**What is expected:** What's wanted here is the full listing below, repeated exactly, with no images in it.

───── Data below

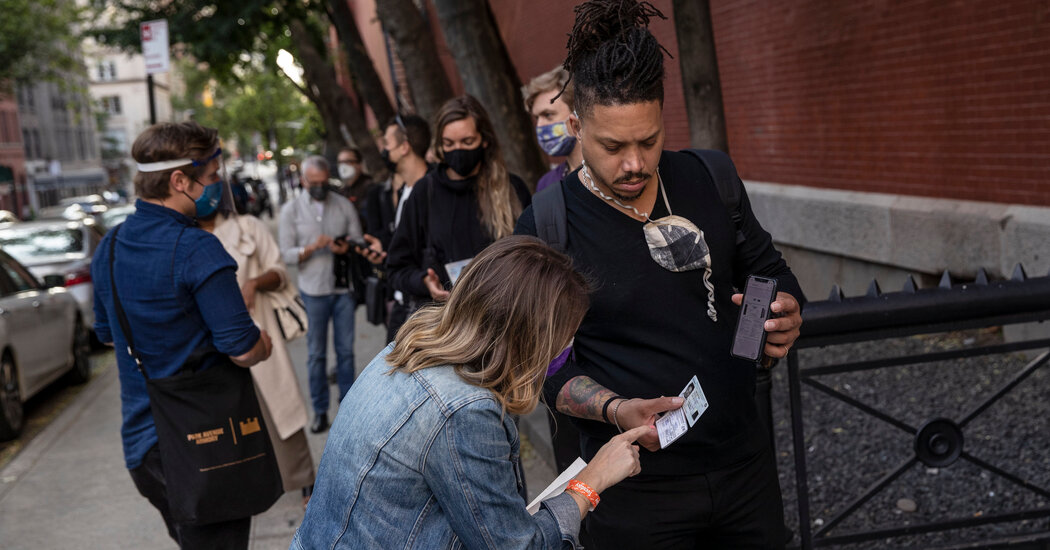 <pre>План паспортов вакцины в Нью-Йорке возобновляет дебаты о конфиденциальности в Интернете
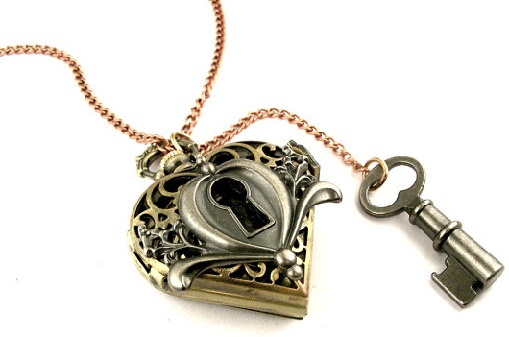 9 Heart Shaped Locket Jewelry Designs with Names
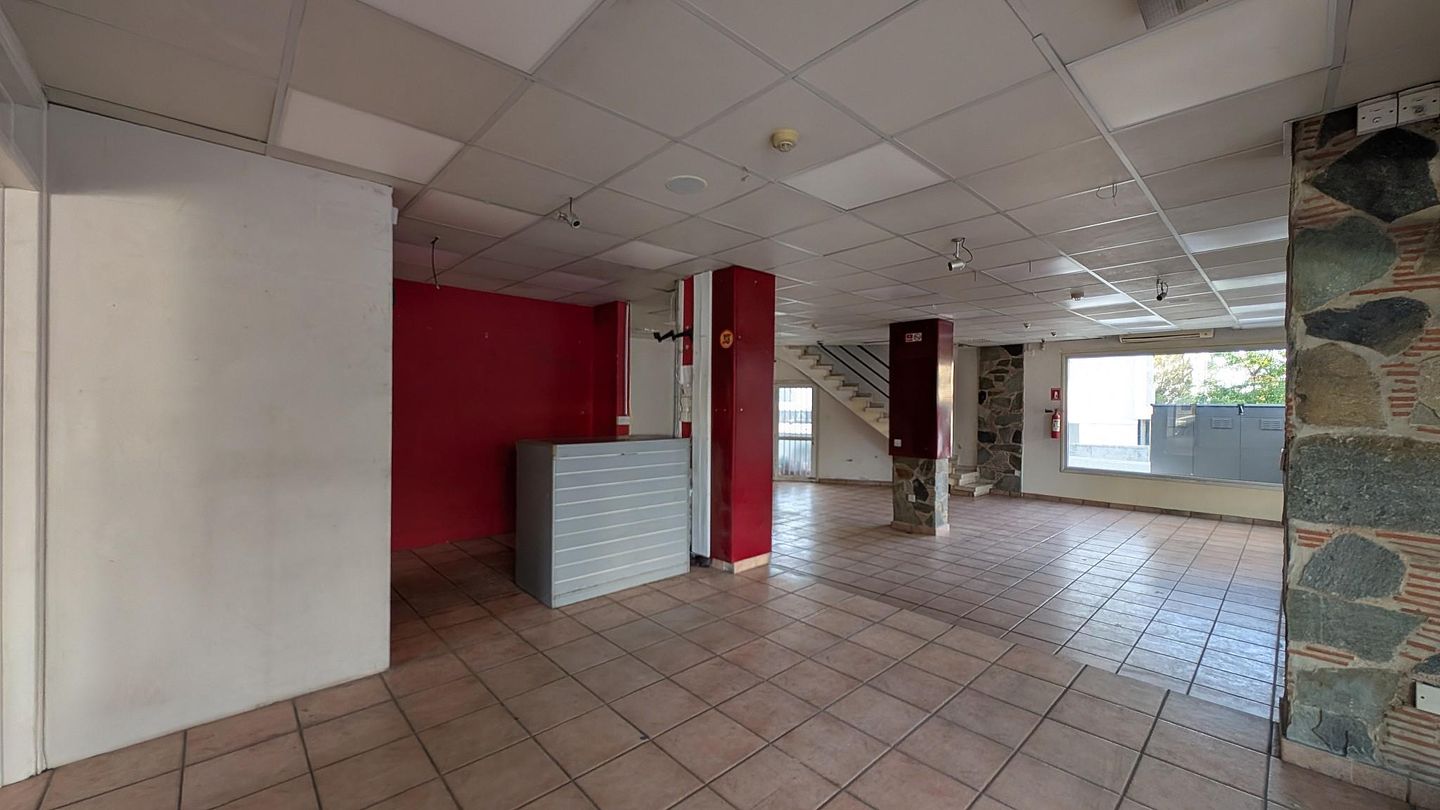 Shop with mezzanine in Agios Antonios, Nicosia – id S878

──────────

**Solution:**
 <pre>План паспортов вакцины в Нью-Йорке возобновляет дебаты о конфиденциальности в Интернете
 9 Heart Shaped Locket Jewelry Designs with Names
 Shop with mezzanine in Agios Antonios, Nicosia – id S878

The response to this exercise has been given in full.